This is a bonus posting for this day, using news clippings drawn from the scrapbooks of the Rev. Henry G. Welbon.  We had noted that a number of people were reviewing last year’s post on this same topic, and so thought this additional material might be appreciated.

Philadelphia Inquirer, Sunday, 3 January 1937., page A9.

Rites Set for TuesdayDR. MACHEN’S RITES SET FOR TUESDAY.
High Presbyterian Officials to Attend Services for Fundamentalist Leader.

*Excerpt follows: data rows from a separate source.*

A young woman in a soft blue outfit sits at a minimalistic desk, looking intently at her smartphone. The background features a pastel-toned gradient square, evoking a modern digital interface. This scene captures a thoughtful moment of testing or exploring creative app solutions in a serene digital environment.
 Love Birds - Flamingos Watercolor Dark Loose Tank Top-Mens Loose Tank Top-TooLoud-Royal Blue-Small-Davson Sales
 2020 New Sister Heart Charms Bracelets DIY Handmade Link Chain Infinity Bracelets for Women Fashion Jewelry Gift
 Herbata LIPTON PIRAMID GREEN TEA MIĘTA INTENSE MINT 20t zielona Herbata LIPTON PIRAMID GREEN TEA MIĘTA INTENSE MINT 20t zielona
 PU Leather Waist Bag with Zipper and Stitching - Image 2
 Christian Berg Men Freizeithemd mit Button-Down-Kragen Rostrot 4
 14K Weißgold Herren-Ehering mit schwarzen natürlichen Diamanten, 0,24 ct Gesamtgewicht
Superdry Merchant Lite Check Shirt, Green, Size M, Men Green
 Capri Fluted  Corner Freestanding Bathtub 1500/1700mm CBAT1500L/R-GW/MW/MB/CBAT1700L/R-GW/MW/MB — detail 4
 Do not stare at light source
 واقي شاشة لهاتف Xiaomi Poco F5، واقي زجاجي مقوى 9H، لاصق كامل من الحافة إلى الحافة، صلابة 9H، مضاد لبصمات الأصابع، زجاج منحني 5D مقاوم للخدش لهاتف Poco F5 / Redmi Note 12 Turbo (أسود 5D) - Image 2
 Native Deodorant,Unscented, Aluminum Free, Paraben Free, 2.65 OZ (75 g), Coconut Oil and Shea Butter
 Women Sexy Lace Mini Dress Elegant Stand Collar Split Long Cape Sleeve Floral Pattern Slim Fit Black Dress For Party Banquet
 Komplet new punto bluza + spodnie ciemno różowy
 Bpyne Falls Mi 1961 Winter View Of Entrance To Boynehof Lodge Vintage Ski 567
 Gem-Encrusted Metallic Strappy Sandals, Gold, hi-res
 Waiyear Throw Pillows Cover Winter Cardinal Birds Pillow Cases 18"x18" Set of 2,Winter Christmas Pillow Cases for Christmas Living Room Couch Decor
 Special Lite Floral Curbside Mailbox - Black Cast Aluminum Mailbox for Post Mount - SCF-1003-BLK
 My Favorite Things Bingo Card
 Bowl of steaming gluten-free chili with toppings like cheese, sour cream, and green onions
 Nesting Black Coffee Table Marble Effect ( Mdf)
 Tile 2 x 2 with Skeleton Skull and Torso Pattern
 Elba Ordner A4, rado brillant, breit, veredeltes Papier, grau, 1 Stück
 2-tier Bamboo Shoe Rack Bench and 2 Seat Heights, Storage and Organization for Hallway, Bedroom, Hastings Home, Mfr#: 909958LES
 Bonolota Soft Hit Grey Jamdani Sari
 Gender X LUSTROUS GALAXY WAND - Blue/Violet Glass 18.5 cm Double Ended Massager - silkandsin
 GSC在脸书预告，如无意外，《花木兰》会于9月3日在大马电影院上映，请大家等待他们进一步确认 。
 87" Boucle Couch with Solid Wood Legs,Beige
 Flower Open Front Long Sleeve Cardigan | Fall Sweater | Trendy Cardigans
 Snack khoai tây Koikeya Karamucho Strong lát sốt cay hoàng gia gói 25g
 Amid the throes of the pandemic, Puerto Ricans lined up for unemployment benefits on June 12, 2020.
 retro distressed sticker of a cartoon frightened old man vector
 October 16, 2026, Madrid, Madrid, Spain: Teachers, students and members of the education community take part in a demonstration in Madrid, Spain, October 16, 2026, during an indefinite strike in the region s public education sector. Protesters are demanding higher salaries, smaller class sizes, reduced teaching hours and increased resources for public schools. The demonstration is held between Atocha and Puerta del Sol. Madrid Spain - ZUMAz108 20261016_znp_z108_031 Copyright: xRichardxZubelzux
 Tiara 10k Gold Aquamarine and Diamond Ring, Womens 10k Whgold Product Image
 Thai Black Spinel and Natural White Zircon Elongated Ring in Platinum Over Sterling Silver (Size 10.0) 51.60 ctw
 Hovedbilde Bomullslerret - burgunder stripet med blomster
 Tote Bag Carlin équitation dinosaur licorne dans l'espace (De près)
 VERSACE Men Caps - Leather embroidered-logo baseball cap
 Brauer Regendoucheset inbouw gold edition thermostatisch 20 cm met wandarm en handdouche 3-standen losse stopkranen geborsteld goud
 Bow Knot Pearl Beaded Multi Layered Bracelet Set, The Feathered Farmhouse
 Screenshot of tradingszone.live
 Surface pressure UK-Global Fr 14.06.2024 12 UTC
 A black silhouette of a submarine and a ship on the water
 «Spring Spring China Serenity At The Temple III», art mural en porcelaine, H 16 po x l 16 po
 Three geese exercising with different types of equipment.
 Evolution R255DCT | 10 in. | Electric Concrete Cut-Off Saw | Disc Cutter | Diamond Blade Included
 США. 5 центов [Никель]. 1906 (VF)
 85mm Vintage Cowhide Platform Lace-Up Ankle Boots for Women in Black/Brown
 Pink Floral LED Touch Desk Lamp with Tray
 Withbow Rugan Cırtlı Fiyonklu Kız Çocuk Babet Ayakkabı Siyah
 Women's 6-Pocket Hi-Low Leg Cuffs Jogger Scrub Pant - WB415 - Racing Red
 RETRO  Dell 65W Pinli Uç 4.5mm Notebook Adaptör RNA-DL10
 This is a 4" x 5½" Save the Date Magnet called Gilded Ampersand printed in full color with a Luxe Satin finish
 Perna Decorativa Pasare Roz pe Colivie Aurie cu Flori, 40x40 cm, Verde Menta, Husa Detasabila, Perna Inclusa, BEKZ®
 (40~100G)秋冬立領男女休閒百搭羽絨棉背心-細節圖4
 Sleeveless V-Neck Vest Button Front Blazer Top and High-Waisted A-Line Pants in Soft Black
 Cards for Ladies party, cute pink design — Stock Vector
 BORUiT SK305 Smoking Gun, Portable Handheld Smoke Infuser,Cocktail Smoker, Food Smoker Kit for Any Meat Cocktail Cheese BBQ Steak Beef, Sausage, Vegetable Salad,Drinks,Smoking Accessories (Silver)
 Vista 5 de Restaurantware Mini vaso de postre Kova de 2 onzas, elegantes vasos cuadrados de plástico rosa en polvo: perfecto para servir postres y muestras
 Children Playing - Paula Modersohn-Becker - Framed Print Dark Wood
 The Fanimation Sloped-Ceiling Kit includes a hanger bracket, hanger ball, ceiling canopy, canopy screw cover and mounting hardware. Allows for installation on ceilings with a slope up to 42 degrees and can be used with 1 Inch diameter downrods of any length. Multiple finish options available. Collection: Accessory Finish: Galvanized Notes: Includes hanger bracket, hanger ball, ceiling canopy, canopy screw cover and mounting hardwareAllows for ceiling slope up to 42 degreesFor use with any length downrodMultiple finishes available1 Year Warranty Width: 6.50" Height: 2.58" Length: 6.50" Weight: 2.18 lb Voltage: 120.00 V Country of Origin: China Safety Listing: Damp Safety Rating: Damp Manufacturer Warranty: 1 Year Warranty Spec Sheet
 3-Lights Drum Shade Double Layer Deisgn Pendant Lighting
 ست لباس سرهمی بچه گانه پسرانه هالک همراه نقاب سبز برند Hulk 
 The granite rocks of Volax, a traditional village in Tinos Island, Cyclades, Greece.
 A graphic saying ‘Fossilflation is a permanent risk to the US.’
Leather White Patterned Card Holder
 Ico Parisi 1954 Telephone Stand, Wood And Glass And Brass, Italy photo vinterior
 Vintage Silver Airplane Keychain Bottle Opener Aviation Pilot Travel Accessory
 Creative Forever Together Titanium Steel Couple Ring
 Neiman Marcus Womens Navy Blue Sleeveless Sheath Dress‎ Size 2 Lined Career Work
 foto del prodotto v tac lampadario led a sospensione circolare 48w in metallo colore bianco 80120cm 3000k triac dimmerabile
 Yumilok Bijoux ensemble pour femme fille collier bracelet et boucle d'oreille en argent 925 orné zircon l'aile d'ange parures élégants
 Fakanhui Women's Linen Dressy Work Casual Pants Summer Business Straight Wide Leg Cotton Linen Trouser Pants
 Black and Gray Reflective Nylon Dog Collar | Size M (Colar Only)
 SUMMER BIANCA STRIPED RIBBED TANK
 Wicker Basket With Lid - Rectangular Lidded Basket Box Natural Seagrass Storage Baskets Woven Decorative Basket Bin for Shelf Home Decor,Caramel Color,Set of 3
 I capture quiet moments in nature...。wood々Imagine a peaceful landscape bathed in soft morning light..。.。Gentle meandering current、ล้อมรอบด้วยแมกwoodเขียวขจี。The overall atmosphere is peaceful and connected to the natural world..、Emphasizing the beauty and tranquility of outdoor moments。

With high officials of the Presbyterian Church of America in attendance, funeral services for Dr. J. Gresham Machen, founder of the new fundamentalist denomination, will be held at 3 P.M. Tuesday in the Spruce Street Baptist Church, Spruce and 50th sts.

Dr. Machen, militant first moderator of the denomination who led his followers in a split from the Presbyterian Church in the U.S.A. in Philadelphia last June, died in Bismark, N.D., Friday night of pneumonia contracted on a speaking tour.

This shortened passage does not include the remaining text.